In response to the complaint, the ACS appointed new auditors and instructed an independent solicitor to “carry out a comprehensive review of the society’s governance arrangements and to provide wider charity law advice . . . to ensure that the charity has effective processes and internal controls in place to support decision-making in the best interests of the society, in furtherance of its charitable purposes, and in compliance with all legal and regulatory obligations”.

Between 2018 and 2023, the number of grants made for the support of clergy ranged from just one (in 2023, totalling £10,000) to five (in 2018, totalling £49,500). The dossier noted that at no point in the past six financial years had expenditure on supporting clergy posts reached even one tenth of the charity’s total income for the year. In response to questions from the Church Times, the ACS said in May that in the past two months it had greed £243,000 worth of grants to parishes and was “actively encouraging applications”.
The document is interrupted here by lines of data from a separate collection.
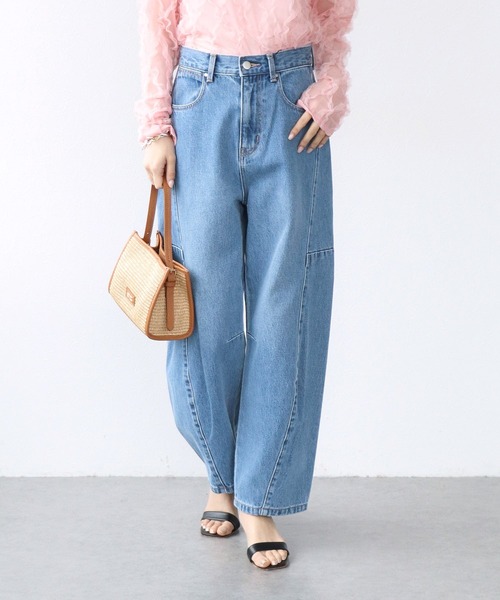 Jines（ジネス）の「カーブデニムパンツ（デニムパンツ・レディース・ホワイト/インディゴブルー・38）」の2枚目の写真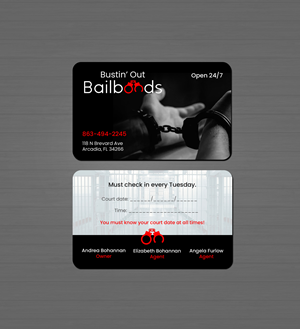 Design de Carte de Visite par Creations Box 2015 pour Bustin’ Out Bailbonds  | Design : #32644972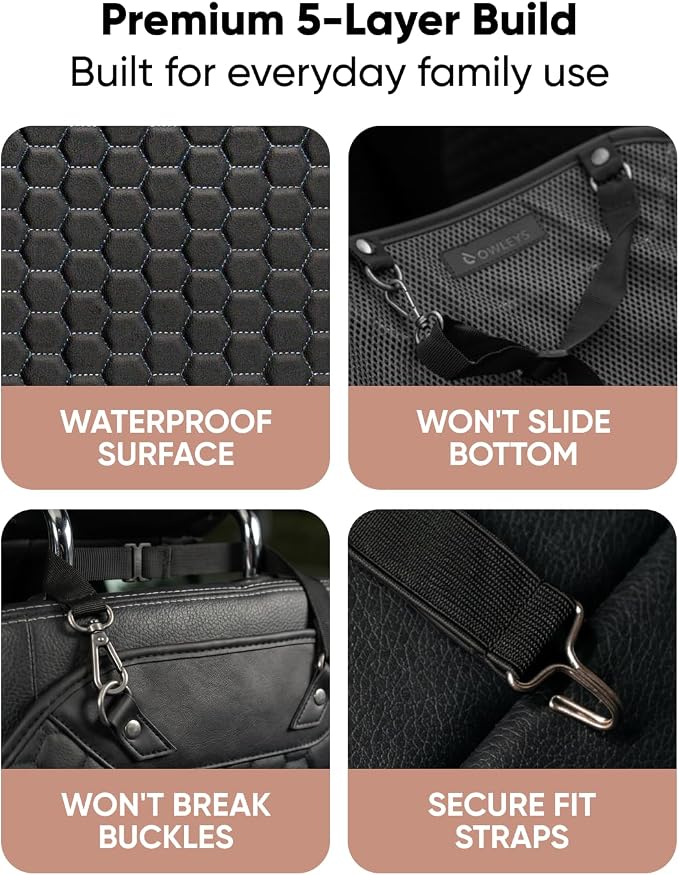 Kick Mat Back Seat Protector - Car Back Seat Cover for Kids Feet - Waterproof & Sturdy Protector for Upholstery from Dirt, Mud, Scratches and Stain (Black Set) - Image 4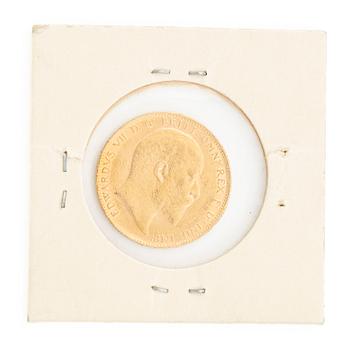 Gold coin, Great Britain, Edward VII, 1 Sovereign, 1910.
The annual report says that the trustees have a “five-year grant allocation programme that could potentially distribute £997,264 directly to Parochial Church Councils to support the cost of ministry in poor and populous parishes. Many of these grants have been awarded to enable dioceses and parishes to recruit clergy and therefore the actual amount given will depend on the success or otherwise of an appointment.”

No new stipend grants were made in 2024, but £98,832 was paid directly to PCCs, up from £91,318 in 2023, but less than expenditure on staff costs of £119,000.

The annual report states that the ACS trustees “had believed that the main emphasis of the Society should be concentrated on the encouragement of vocations within the traditional Catholic constituency and will be considering ways in which this work might be continued in the future.”

Total income for the year was £508,480, down by 26 per cent, but unrestricted donations from supporters increased by 36 per cent to £105,055. Total expenditure for the year was £545,455, up by 26 per cent and included “governance costs” of £60,00 (up from £14,000) including £46,262 in legal fees.

A separate internal investigation is also under way “in relation to certain operational matters,” the annual report says. “As at the date of approval of these financial statements, the outcome of this investigation remains uncertain, and the financial impact, if any, cannot be reliably estimated.”

On Tuesday, a statement from the trustees said that it would be inappropriate to comment further until the independent review was published. They were “committed to responding to any recommendations appropriately and with full transparency” and to “finding ways as to how it can best use the charity’s significant resources, including the provision of grants to parishes, to further the mission of both the Church of England and Church in Wales in the mid twenty-first century”.

Of the nine trustees, four are new, having been appointed in the past nine months. Canon Smith remains the General Secretary. The key risks set out in the latest annual report are a decline in donations and vocations.